▸ GIVEN INFORMATION:
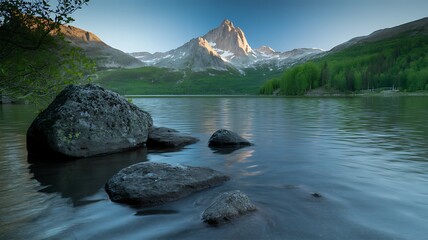Scenic mountain landscape featuring a serene lake with large rocks in the foreground and majestic peaks beyond.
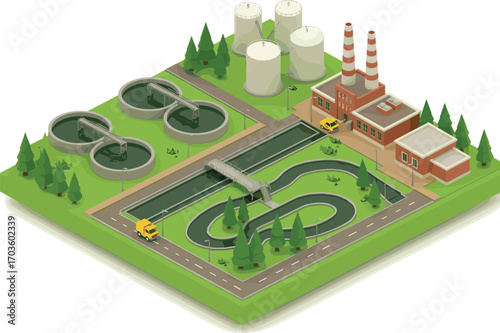 Modern wastewater treatment plant, city sewage system infrastructure, isometric environmental facility, water purification station, clean water recycling process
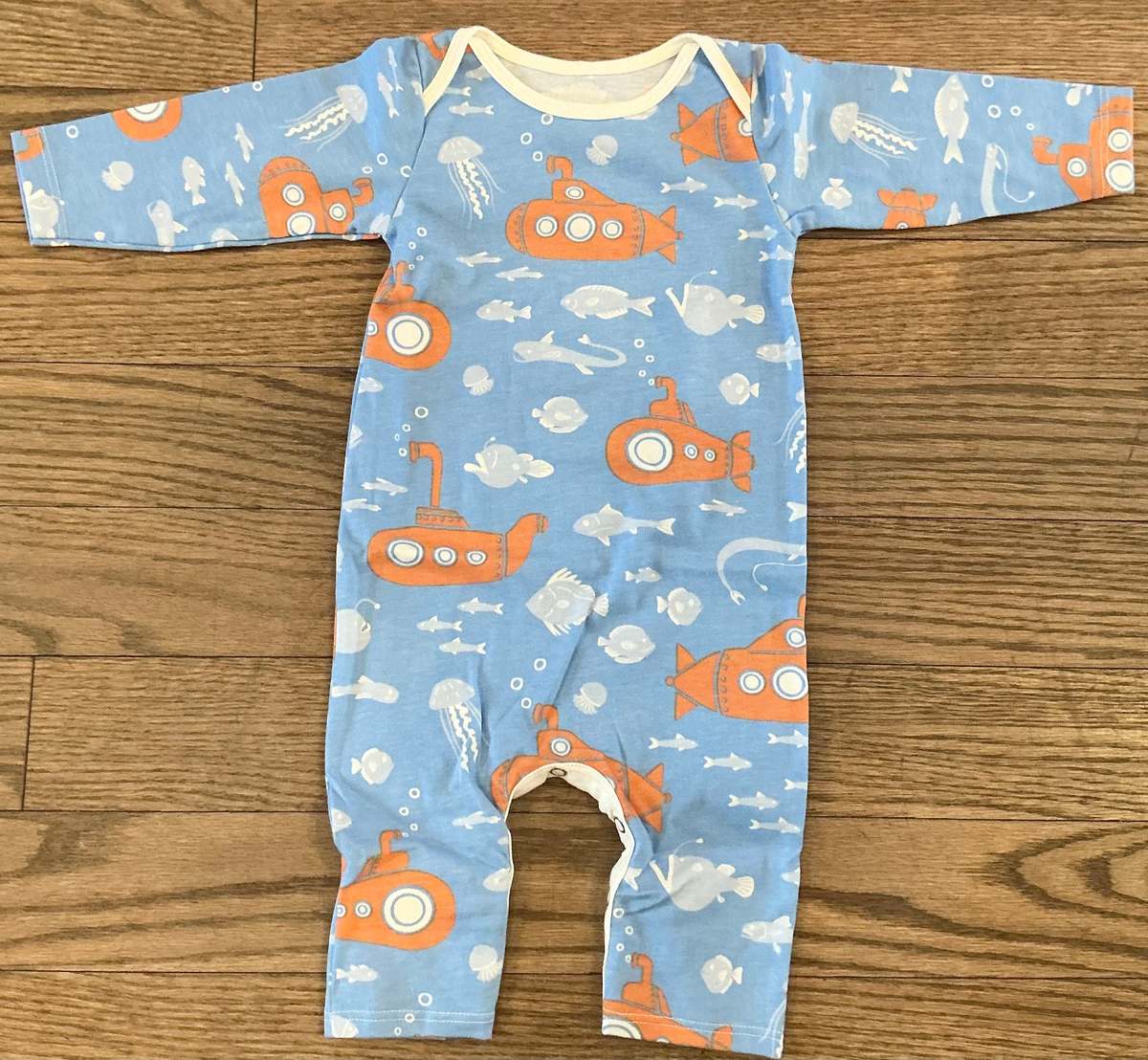 KIDS Winter Water Factory Submarines Long Sleeve Romper - Image 2 of 2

▸ TASK OBJECTIVE: Return the complete material exactly as it appears, without images.

▸ PROBLEM SOLUTION:
Scenic mountain landscape featuring a serene lake with large rocks in the foreground and majestic peaks beyond.
 Modern wastewater treatment plant, city sewage system infrastructure, isometric environmental facility, water purification station, clean water recycling process
 KIDS Winter Water Factory Submarines Long Sleeve Romper - Image 2 of 2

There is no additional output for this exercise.